The landscape is rock, low vegetation, dusted and covered in snow, and the low golden light gives everything a wistful, melancholy feel.
AND at night, the auroras!
They swirl and dance grow and fade. Enchanting. Mesmerizing. We stayed outside as long as we could stand the cold. I woke over and over during the night to peek out the window and watch the magical show without even leaving my warm bed! I was so enthralled it seemed a shame to sleep through it. Mornings were dark and sometimes still the northern lights danced.
We were in Greenland to run the Polar Circle Marathon, an amazing event put on by Albatross Adventures.
Kangerlussuaq is a small town, dominated by the airport, which is the main hub for flights all over Greenland. Greenland has no roads between towns, relying heavily on air travel, and it all goes in and out of Kangerlussuaq. The airport restaurant and bar are the only things open in town in winter, so the airport serves as the social hub as well.
Out the door and around the corner is the Polar Lodge, a no frills, sparkling clean, cozy warm hostel, with a great view of the runway, and a kick-ass hot water radiator in every room. And across the street, a well-stocked grocery store with everything, I mean everything you might need. We settled for beer and some snacks.
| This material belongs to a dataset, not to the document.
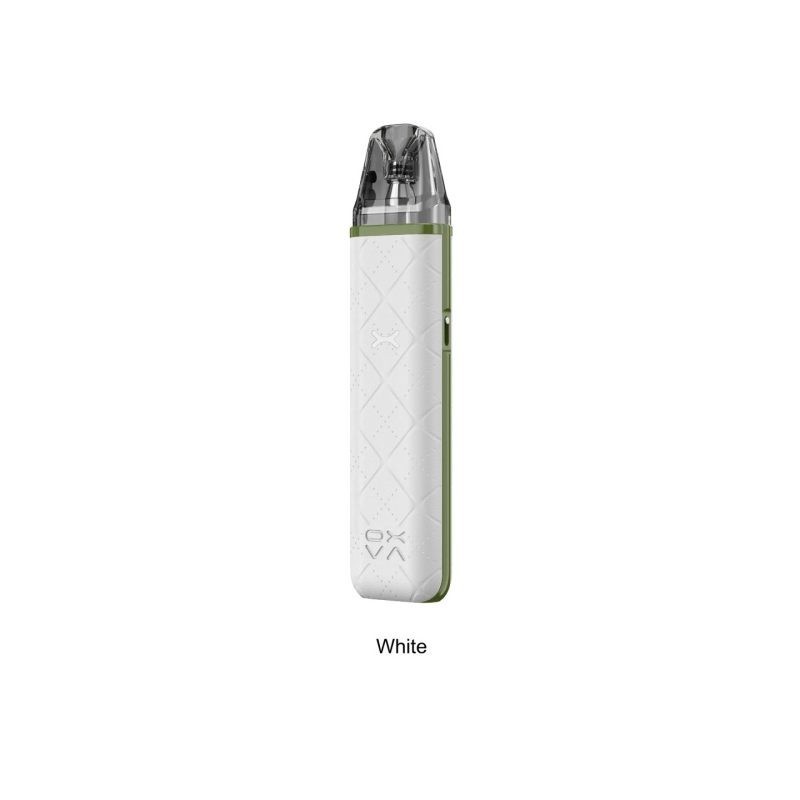 OXVA Xlim Go Pod 30W 1000mAh - DoctorVape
The Polar Circle Marathon and 1/2 Marathon begins with about 10 Km on the Polar Ice Cap, a phenomenally wild and beautiful place. It is as if the ocean froze solid, waves and all. There are hills and valleys and plains, sometimes covered in snow, but often bare blue ice, many, many meters deep. We wore crampons, and scampered up and down, over and around, on a course marked by poles. I felt like a kid, just out playing on the ice and snow, and around every corner was a jaw-dropping view.
We hiked the course the day before the races, a great opportunity to take pictures and get a first glimpse. The opportunity to explore the ice cap was such a rare gift, I wanted to soak in every minute.
Once we left the ice, we had 30 plus kilometers to run on the only existing road, back into town. Gravel, snow and ice covered, skirting alongside the Russell glacier, weaving between low mountains, past frozen lakes, scenic views filling the eye and the spirit, until at last we could see the brightly painted buildings of town and the finish line.
I am a slow runner on my best day. Marathons are hard, they’re long, there are always times when I just want to get done. This race was no different, but it was also the kind of day where, looking back, it’s hard to believe where you’ve been, what you’ve been lucky enough to see and experience. That’s why I call marathons “sightseeing on my feet.” It’s an amazing way to experience the world, to be in places I’d never get to otherwise. It’s enough to keep me getting out, every day, putting in the miles and saying
YES, when the next crazy opportunity comes.
In this case, I also said “Yes” to the “Polar Bear Challenge”, meaning full marathon on Saturday, followed by ½ marathon on Sunday. Which meant I got another day on the Polar Ice cap. What a gift. I wanted to dawdle all morning on the ice, and along the road past the glacier, just soaking it in. But alas, there was a cut off, and I do have a tiny bit of ego, so I kept moving forward.
A final note: Remember, I said I only expected to tolerate Greenland? Well, I fell so hard for this rugged, wild, beautiful place with the golden light that I went twice. Originally in 2016, and returned in 2018 to do the trip described here. After completing the Polar Bear challenge, we flew to the town of Ilulisat for a few days, which deserves its own article, coming soon.